# windows 10 sur macbook 13p aluminium fin 2008



## Zorg33 (10 Novembre 2020)

Bonjour,

Après avoir beaucoup écumé le net sur le sujet et effectué plusieurs tentatives, je n'arrive pas à installer windows 10 sur mon mac (OSX El Capitan).
Ma  première question est donc : est-ce possible ?
Si oui voici mon pb actuel. J'ai utilisé Gdisk pour basculer en PMBR. Malheureusement j'ai bloqué lors de l'installation win 10 sur un message "windows ne peut être installé sur ce disque.
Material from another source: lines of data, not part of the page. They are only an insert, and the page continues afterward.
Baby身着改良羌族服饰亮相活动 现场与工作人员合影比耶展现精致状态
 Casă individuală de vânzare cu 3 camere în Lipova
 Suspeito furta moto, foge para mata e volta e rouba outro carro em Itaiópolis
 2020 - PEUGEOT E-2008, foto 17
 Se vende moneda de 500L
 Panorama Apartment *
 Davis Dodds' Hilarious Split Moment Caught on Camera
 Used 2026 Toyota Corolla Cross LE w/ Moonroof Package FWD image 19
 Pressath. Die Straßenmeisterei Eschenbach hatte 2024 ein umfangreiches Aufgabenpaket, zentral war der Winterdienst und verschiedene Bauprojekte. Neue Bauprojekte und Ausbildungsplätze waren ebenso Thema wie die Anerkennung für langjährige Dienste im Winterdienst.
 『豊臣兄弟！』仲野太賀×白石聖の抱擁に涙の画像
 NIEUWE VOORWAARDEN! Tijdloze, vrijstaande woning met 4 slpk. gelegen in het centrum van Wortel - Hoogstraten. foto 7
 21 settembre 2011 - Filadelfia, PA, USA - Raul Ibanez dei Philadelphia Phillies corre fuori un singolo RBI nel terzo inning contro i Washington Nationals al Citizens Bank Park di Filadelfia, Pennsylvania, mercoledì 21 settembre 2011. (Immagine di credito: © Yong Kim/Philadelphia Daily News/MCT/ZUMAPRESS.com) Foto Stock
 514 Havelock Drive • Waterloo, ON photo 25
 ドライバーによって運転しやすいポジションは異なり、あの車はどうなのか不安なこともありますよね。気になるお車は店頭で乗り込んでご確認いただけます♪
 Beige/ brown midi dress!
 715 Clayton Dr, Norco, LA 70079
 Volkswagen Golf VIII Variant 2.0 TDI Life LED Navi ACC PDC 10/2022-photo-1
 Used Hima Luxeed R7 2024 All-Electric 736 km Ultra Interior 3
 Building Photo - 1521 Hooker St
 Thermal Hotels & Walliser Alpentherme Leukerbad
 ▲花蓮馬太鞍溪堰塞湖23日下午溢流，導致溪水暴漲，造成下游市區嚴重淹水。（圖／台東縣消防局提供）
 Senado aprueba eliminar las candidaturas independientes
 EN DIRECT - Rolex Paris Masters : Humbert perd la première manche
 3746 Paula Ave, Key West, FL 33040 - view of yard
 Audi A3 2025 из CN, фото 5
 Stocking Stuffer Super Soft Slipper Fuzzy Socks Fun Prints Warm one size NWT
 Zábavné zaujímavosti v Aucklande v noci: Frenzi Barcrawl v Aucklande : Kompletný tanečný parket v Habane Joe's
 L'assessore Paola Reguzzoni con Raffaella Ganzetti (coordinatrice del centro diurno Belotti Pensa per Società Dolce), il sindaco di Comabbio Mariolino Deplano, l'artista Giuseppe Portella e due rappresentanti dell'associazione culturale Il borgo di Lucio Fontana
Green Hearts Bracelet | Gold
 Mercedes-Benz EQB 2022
Le disque sélectionné est du type style de partition GPT". 
J'ai voulu donc tout reprendre à zéro, ai effacé ma partition windows à l'aide de bootcamp et voulu recréer une clé de démarrage. Pb : la clé commence à être formatée (32Go) puis les fichiers windows sont copiés mais au bout de plusieurs minutes, je recois un message indiquant que je n'ai pas assez d'espace disque. Si je regarde sur la clé WININSTALL, plusieurs répertoires ont été créés pour 618Mo ??? Sur mon disque interne (512Go SSD) je dispose de 173 Go de disponible ??

help !


----------



## salemmars (24 Novembre 2020)

meme probleme


----------



## Invité (25 Novembre 2020)

Peut être voir ce message épinglé : https://forums.macg.co/threads/alte...es-fichiers-dinstallation-de-windows.1336321/


----------



## Locke (25 Novembre 2020)

Zorg33 a dit:


> Après avoir beaucoup écumé le net sur le sujet et effectué plusieurs tentatives, je n'arrive pas à installer windows 10 sur mon mac (OSX El Capitan).
> Ma première question est donc : est-ce possible ?





salemmars a dit:


> meme probleme


Par défaut non, car ton Mac possédant encore un SuperDrive devra obligatoirement par le DVD d'installation ou d'une copie gravée depuis un vrai PC. Vu l'âge canonique de 2008 de ce Mac, il ne sera pas possible d'installer une version de Windows 10 et c'est principalement aux composants très anciens de la carte mère.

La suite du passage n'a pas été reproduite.